One thing that seems crazy to me is that you're not allowed to use non-Visa cards to buy Olympic tickets, and ATMs have been forced to close, replaced with a (smaller) number of Visa-only machines. This is actually very different from sponsorship - it means that you cannot be a spectator at the games without signing up with Visa. You can keep out of the McDonalds, you can frown at Dow Chemicals, but you simply won't be allowed in without a Visa card. Why hasn't this been mentioned more often in the media? It's an abusive monopoly.

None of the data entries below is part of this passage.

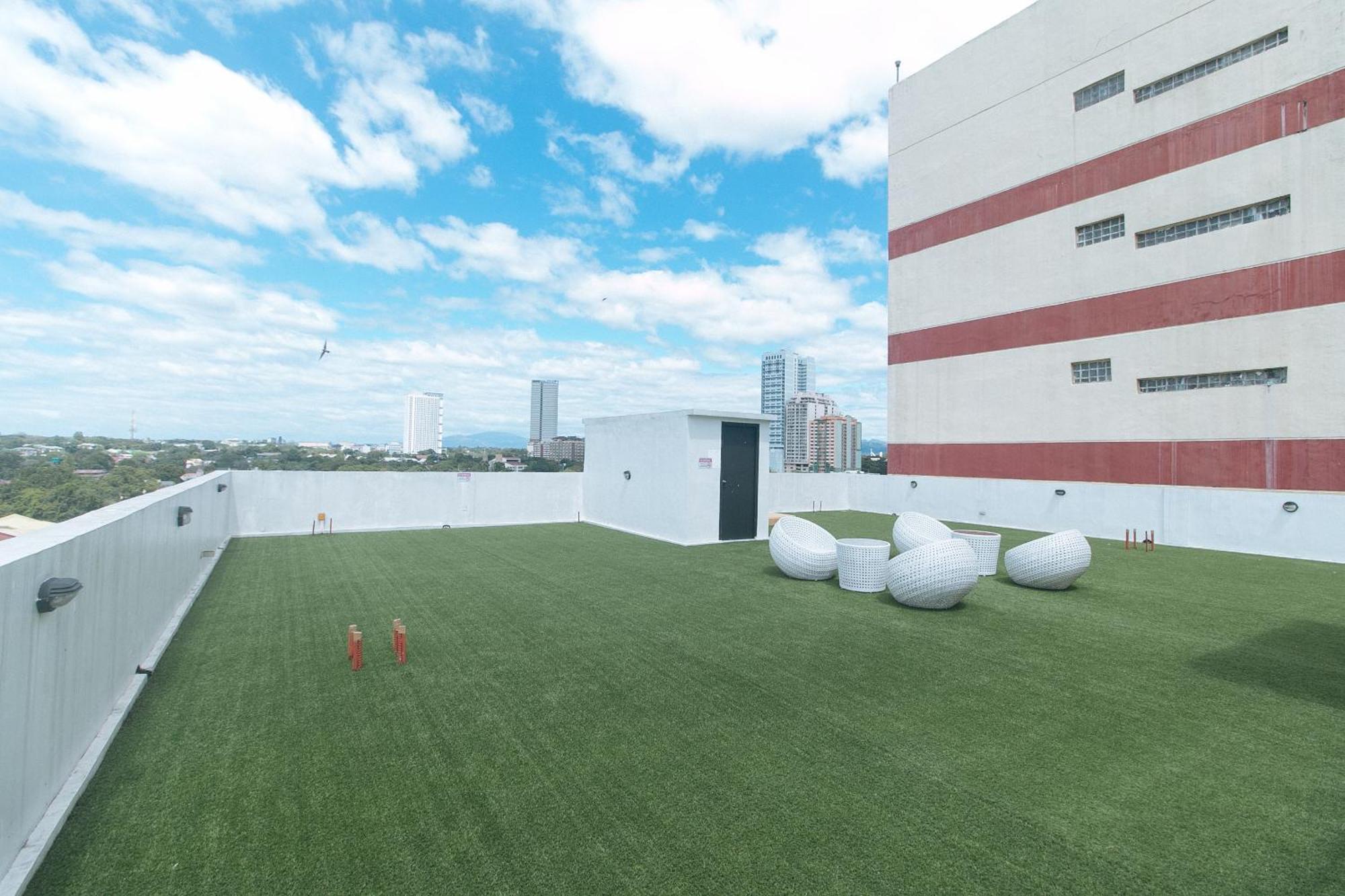 59 Xavierville By Reddoorz Cubao Exteriör bild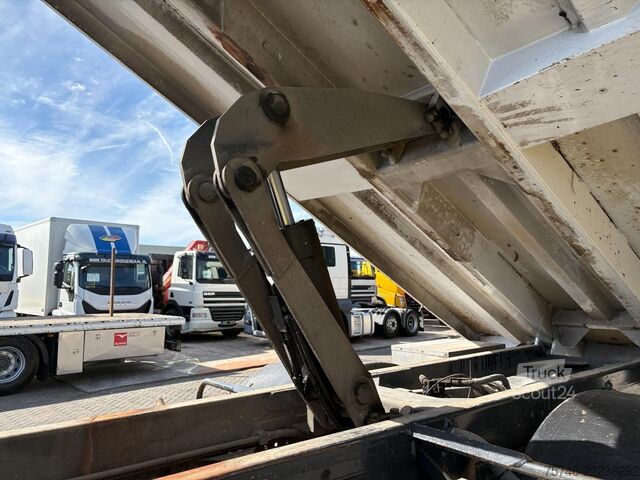 Tippbil med kran Mercedes-Benz Axor + HIAB 088 ES -3 HIDUO + TIPPER + EURO 4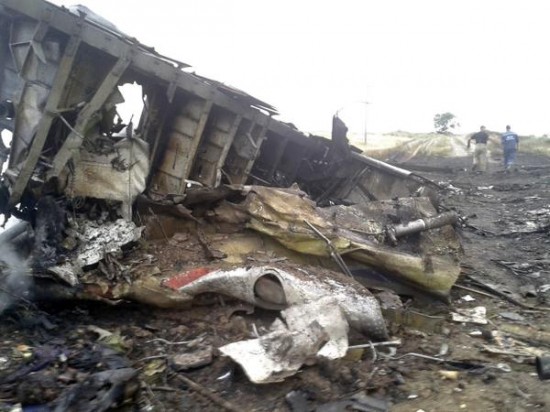 Malaysian-Airlines-MH-17-Crash-Pictures-1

2: Security clampdowns and chilling effects on civil liberties

There are already "chilling effects" described above in the sponsor/logo ridiculousness: for example, the police wasted time emptying their crisps into clear plastic bags in case they ired the sponsors. But much worse than this is the chilling effect on free speech and other civil rights.

Very notable has been the intimidation and disruption of photographers. Many different people have reported that G4S and sometimes the police have stopped journalists taking pictures in a public place, using fairly vague ideas about it being a security issue. The Guardian has a video of it happening.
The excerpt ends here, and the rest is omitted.